Le Cesec émet également des doutes sur l’adéquation de cette mesure avec les cas d’indivision les plus complexes, préférant la réserver aux terres divises ou en indivision simple.
Financement 100% public pour une route 100% privée ? Le Cesec n’est pas d’accord
Les conseillers estiment surtout que les contreparties d’une prise en charge intégrale par le Pays ne sont pas assez fortes. Le texte prévoit que les nouvelles voies restent privées, y compris en jouissance, car selon le Pays, « les dispositions actuelles qui prévoient que la voie financée soit ouverte au public sont rédhibitoires pour la majorité des propriétaires qui ne veulent pas rétrocéder une partie de leur terre. »

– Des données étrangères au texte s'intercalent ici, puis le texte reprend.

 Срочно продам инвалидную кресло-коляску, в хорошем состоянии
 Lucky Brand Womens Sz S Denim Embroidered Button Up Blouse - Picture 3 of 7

En outre, « les emprises des voies ne sont nulle part mentionnées, tout comme leur entretien », ce qui pourrait constituer un « risque conséquent » pour la pérennité des activités agricoles créées grâce à ces voies. Le Cesec recommande donc de fixer une durée d’exploitation minimum, par exemple de 10 ou 20 ans, et d’encadrer et de contrôler la part de terres consacrée aux logements autorisés pour les propriétaires et les exploitants.
Enfin, comme toujours, le Cesec regrette que les projets d’arrêtés d’application n’aient pas été joints au dossier, notamment pour ce qui concerne les critères d’attribution.
En conclusion le Conseil économique, social, environnemental et culturel « appelle de ses vœux une approche plus structurée » par la concertation entre différents services du Pays, explique l’un des rapporteurs de l’avis, Marotea Vitrac.